Chromatic noise produces a more ‘unnatural’ appearance, it is easier to reduce without compromising image sharpness than luminance noise. Chromatic blurring is less noticeable than luminance blurring, as human perception tends to see color contained within contours, even when it is not precisely true. It’s a convenient optical illusion. Larger chromatic variances may result from bayer pattern demosaicing. (Digital sensors typically capture photons with an array of two green, one red, and one blue photosites that register separate luminance values for each site. This data is then processed, ‘averaged’ if you will, to generate a final color, such as brown or lavender, or even a specific green, red, or blue. If done under suboptimal conditions, such as underexposure, larger areas of color variances may occur and will require additional post-processing. Extreme amounts of chromatic noise reduction may results in reduced saturation, especially along contours separating strongly contrasting colors.

noise_luminance

luminance / light & dark noise

Luminance Noise

The presence of luminance noise is more readily accepted than chrominance noise. Luminance noise is harder to reduce than chrominance noise. Luminance information encodes contour, volume, and texture, key elements in representational images. Aggressive amounts of luminance noise reduction subdue image texture, creating a synthetic or overly smooth appearance, and blurs contours, lessening the appearance of focus. Camera noise reduction tends to be crude. Raw conversion software produces significantly improved results. For more extreme noise reduction, third-party software (such as Define, NoiseNinja, and NoiseWare) offer superior functionality and results.

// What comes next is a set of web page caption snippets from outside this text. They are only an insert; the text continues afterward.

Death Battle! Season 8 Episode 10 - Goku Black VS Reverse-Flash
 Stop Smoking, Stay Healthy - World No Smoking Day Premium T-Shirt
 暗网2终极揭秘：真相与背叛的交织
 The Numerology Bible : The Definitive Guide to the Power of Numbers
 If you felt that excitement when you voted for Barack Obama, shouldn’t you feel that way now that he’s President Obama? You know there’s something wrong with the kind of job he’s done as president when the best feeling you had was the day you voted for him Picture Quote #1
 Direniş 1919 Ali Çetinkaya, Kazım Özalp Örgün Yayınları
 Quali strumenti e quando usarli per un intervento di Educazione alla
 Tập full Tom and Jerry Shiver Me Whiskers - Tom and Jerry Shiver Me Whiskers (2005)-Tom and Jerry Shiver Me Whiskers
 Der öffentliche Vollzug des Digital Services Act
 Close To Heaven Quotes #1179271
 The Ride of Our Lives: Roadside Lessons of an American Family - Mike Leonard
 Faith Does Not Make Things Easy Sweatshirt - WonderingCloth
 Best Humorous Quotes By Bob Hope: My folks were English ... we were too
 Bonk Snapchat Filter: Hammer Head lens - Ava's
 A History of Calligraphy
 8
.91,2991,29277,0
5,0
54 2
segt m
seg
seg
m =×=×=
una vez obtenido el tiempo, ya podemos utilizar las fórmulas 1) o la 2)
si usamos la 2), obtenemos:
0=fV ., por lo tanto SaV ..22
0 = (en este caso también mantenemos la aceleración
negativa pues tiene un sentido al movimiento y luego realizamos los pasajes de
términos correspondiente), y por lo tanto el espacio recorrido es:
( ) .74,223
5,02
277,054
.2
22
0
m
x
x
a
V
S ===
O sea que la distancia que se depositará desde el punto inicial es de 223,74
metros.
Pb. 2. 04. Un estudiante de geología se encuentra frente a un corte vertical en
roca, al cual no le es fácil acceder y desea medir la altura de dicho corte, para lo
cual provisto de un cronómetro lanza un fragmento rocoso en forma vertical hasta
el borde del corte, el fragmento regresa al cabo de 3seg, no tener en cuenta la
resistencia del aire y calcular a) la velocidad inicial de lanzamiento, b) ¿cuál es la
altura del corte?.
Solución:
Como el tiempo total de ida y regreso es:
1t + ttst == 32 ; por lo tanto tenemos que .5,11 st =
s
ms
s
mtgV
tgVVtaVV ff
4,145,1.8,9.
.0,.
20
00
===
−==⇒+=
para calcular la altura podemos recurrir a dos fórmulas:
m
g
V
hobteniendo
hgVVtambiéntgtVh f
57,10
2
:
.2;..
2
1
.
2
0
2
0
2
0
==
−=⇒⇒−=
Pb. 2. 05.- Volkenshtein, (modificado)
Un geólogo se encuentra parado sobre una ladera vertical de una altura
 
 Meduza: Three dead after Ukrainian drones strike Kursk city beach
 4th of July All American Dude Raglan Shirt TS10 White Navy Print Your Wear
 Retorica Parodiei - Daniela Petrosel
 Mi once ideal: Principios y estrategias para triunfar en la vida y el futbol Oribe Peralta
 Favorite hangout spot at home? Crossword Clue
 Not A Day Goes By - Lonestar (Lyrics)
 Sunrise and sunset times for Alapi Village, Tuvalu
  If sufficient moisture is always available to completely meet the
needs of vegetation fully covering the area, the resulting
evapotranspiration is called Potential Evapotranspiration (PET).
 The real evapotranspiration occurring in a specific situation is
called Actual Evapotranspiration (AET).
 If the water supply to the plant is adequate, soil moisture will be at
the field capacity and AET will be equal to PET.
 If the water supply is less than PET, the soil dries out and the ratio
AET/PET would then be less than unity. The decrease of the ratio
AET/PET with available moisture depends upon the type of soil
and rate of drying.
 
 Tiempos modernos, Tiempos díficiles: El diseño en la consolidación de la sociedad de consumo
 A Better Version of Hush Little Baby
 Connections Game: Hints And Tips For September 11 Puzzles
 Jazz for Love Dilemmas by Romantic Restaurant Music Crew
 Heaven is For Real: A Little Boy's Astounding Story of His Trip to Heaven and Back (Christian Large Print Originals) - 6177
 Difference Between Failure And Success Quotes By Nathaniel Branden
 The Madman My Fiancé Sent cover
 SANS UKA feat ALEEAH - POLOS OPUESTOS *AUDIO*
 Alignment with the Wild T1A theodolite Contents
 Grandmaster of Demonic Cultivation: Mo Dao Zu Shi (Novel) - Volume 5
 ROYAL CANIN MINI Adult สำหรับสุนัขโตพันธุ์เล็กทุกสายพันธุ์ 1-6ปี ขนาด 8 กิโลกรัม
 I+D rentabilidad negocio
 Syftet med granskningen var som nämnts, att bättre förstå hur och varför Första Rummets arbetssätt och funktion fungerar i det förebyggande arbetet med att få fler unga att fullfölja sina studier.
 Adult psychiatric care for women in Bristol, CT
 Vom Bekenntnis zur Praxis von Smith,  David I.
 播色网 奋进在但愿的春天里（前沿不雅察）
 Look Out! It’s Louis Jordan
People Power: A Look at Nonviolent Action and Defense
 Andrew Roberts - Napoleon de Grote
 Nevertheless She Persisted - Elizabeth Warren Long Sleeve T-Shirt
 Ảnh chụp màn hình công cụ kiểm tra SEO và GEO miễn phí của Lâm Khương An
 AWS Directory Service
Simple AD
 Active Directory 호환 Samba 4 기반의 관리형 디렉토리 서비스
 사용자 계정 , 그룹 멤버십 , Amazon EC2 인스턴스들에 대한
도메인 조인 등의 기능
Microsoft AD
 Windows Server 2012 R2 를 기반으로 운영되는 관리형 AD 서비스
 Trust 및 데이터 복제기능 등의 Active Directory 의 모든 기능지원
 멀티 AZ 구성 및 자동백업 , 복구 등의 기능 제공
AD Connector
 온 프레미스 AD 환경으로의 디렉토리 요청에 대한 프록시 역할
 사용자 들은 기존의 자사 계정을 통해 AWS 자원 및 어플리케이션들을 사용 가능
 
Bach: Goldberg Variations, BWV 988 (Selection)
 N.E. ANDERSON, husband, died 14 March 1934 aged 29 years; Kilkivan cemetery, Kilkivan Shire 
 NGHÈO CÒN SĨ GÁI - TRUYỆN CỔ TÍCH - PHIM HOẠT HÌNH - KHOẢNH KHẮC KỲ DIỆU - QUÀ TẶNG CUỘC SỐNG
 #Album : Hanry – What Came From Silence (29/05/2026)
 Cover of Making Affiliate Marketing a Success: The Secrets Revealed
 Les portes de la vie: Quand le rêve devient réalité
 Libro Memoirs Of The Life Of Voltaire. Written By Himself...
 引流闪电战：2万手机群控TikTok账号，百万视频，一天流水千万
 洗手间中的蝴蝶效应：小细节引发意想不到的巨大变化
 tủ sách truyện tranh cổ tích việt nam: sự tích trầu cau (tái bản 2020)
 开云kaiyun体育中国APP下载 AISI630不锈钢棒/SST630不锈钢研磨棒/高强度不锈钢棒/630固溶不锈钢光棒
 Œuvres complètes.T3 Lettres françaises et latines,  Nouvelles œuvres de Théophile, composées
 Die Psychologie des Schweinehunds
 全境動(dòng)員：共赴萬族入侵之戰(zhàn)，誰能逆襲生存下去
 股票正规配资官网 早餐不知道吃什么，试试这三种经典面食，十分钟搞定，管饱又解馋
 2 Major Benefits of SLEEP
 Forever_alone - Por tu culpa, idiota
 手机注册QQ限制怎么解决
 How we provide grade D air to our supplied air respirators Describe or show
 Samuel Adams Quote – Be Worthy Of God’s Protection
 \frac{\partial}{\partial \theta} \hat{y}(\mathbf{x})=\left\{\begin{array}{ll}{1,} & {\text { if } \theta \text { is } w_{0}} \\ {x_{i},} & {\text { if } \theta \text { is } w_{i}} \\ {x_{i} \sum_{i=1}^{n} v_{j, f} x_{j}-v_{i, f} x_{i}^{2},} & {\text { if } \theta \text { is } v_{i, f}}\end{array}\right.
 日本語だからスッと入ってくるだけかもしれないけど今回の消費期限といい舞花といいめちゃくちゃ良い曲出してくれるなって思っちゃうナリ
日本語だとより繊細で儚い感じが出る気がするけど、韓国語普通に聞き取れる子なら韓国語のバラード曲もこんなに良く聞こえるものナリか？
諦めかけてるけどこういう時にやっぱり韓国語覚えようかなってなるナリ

Noise also varies in both magnitude and spatial frequency. Noise occurring over short distances has a high frequency (it’s ‘fine-grained’), while noise occurring over long distances has a low frequency. Noise magnitude, often described by the statistical measure of ‘standard deviation’, quantifies the variance a pixel will have from its ‘true’ value. Higher magnitude noise overpowers fine texture and becomes exceptionally difficult to remove.

The noise floor dominates other forms of noise. It is created by the type of read circuits in the sensor, the transistor characteristics, and support circuits such as the analog to digital converter. As light levels increase the noise associated with light (‘photon shot noise’) exceeds the noise floor. If the signal is increased by a factor of two (one f-stop), then the noise increases by a factor of one and the signal to noise ration increases by one. A higher signal to noise ratio makes noise less visible. When the signal exceeds the maximum value the sensor is capable of capturing (dynamic range is a measure of the largest ratio of the capture signal to the noise floor), the noise drops because the signal is pinned at the saturation value.

With a thorough understanding of what produces noise, how it is produced, what kinds and types of noise to be on the lookout for, you can take steps to reduce it at the point of capture. You want to start with as little noise as possible. If you want noise, you can always add it later, which gives you the possibility of customizing it with almost infinite precision. If you begin with noise in your originals, you’re locked in, and it can be challenging to reduce it without compromising image quality – sharpness, texture, saturation, and hue variety. Given that noise isn’t the only concern you balance, for some uses this may be an acceptable trade-off.

.